Image: Agitators at work at Heathrow Airport.
Andrew Curry writes: I was struck by an article in Stanford Social Innovation Review that argued that it takes three types of leaders to make social innovation happen: the agitator, the innovator, and the orchestrator:
An agitator brings the grievances of specific individuals or groups to the forefront of public awareness. An innovator creates an actionable solution to address these grievances. And an orchestrator coordinates action across groups, organizations, and sectors to scale the proposed solution.
The article is by Julie Battilana and Marissa Kimsey, and a couple of things struck me straightaway about this model. The first is how closely these map back onto the Three Horizons model.

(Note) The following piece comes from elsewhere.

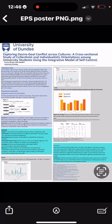Welcome to our poster presentation on Exploring Desire-Goal Conflict Across Cultures, a cross-sectional study of collectivistic and individualistic orientations among university students using the integrative model of self-control. This research was conducted at the University of Dundee by Yvonne Akano and Dr. Blair Saunders. Our research explores how cultural orientation affects desire and desire-goal conflict among university students.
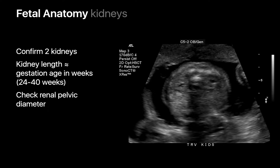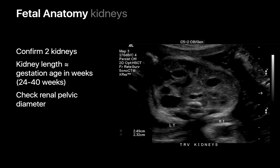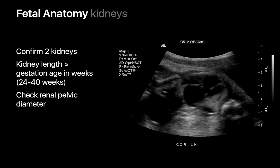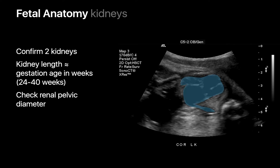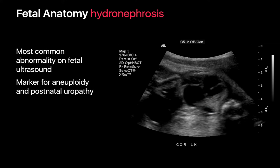Our assessment of the kidneys begins by confirming that two kidneys are present. We measure the lengths of both fetal kidneys and the diameter of both renal pelvices. In this example, the left renal pelvis is markedly enlarged on transverse and coronal images. Fetal hydronephrosis is the most common anomaly we'll encounter on fetal ultrasound and is sometimes a marker for aneuploidy. It usually occurs because something is preventing the free flow of urine downstream from the kidney.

The second is that although they are writing about social innovation, this model applies to pretty much any kind of deep or structural innovation (Disruptive? Transformative?). You need all three roles; the authors think they might blur, but I’m less sure about that. Anyway:
Agitation without innovation means complaints without ways forward, and innovation without orchestration means ideas without impact.
And maybe one more thought. Large organisations are usually full of orchestrators, lighter on innovators, and go out of their way to persecute agitators. In fact, there’s usually a whole corporate lexicon to disparage them, starting with “cynical” and escalating quickly from there.

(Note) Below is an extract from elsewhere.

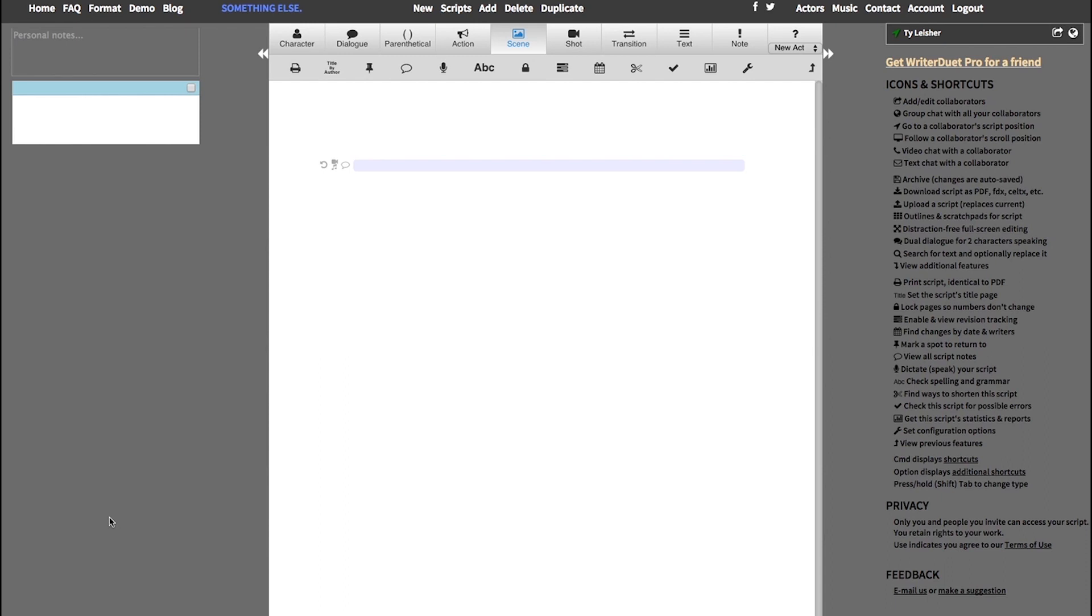And that is our tutorial on how to create a title page for your script using Writer Duet. If you liked this tutorial, if you think it helped you out, go ahead and like it. Comment below and let us know what else you'd like to know how to do in Writer Duet.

The article is fairly detailed, and later on there’s a useful chart showing how each of the different types of leaders use the kinds of skills that leaders deploy.
One interesting aspect of the argument is that in the case study the authors use, of the French youth service organisation Unis-Cité, the leaders started out seeing themselves as innovators, but had to switch roles to agitators when the political climate changed and it became necessary to make the public case once again for youth service. As the article notes more broadly, mobilizing for social change is an “inherently political process.” But we tend to think of Three Horizons as a process that works its way from the visionary Third Horizon through the entrepreneurial Second to the managerial First. Systemic change isn’t always as tidy as that.